### EXERCISE DATA
────────
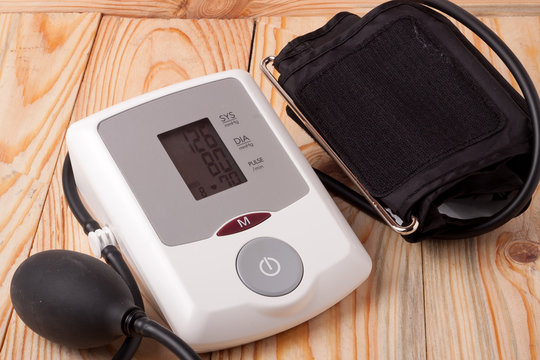 automatic blood pressure monitor on a wooden background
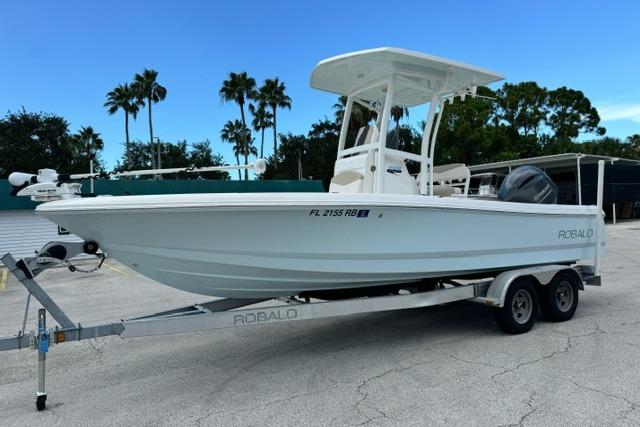 Robalo 226 Cayman 2016 Robalo 226 Cayman boat on trailer, parked outdoors with palm trees in background.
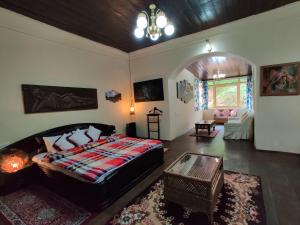 1 dormitorio con 1 cama y sala de estar en Singtom Tea Resort en Darjeeling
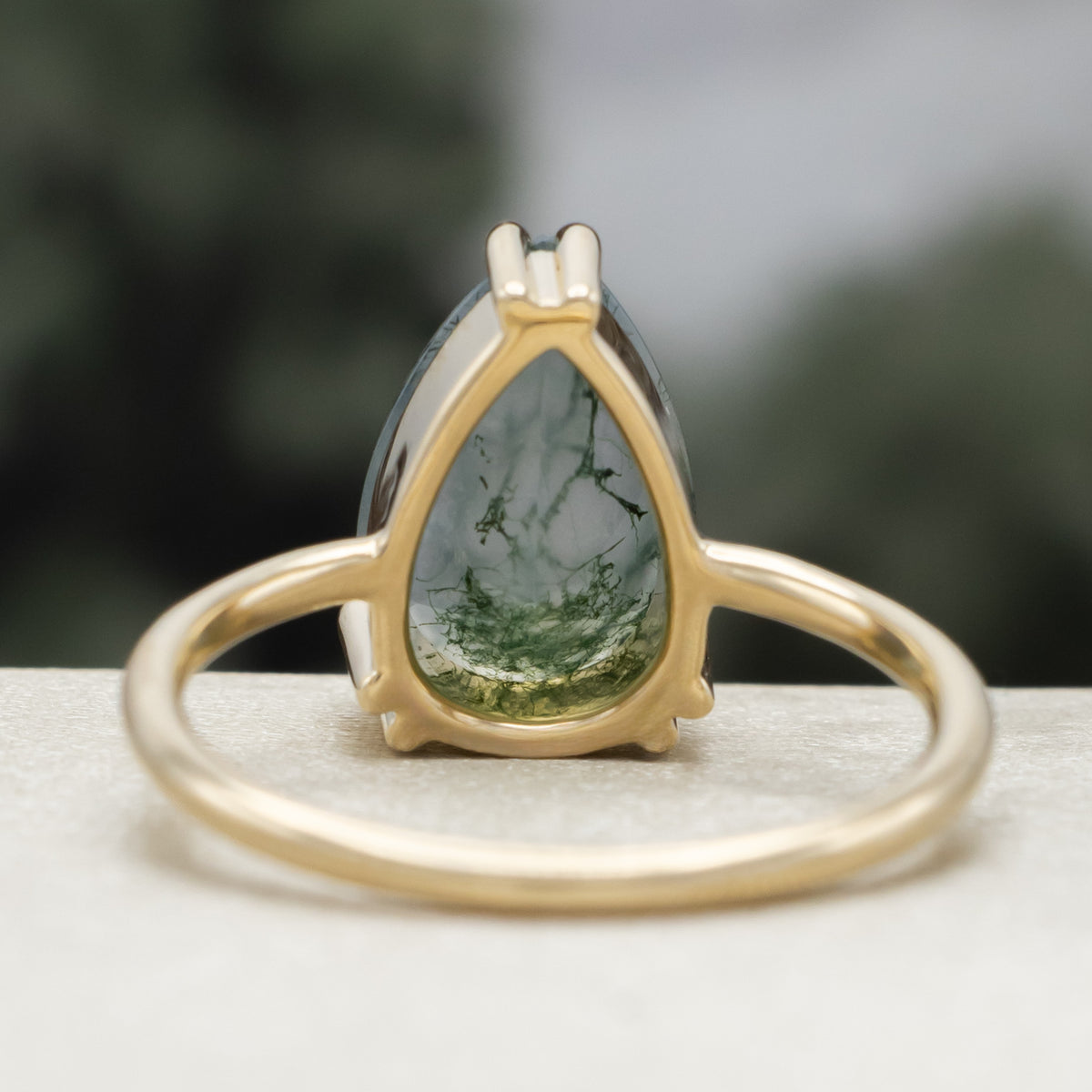 Gold ring with pear cut moss agate center stone against a blurred green background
────────
### EXERCISE GOAL
All the lines above should be reproduced exactly, and none of the pictures.

### OUTPUT OF THE TASK
 automatic blood pressure monitor on a wooden background
 Robalo 226 Cayman 2016 Robalo 226 Cayman boat on trailer, parked outdoors with palm trees in background.
 1 dormitorio con 1 cama y sala de estar en Singtom Tea Resort en Darjeeling
 Gold ring with pear cut moss agate center stone against a blurred green background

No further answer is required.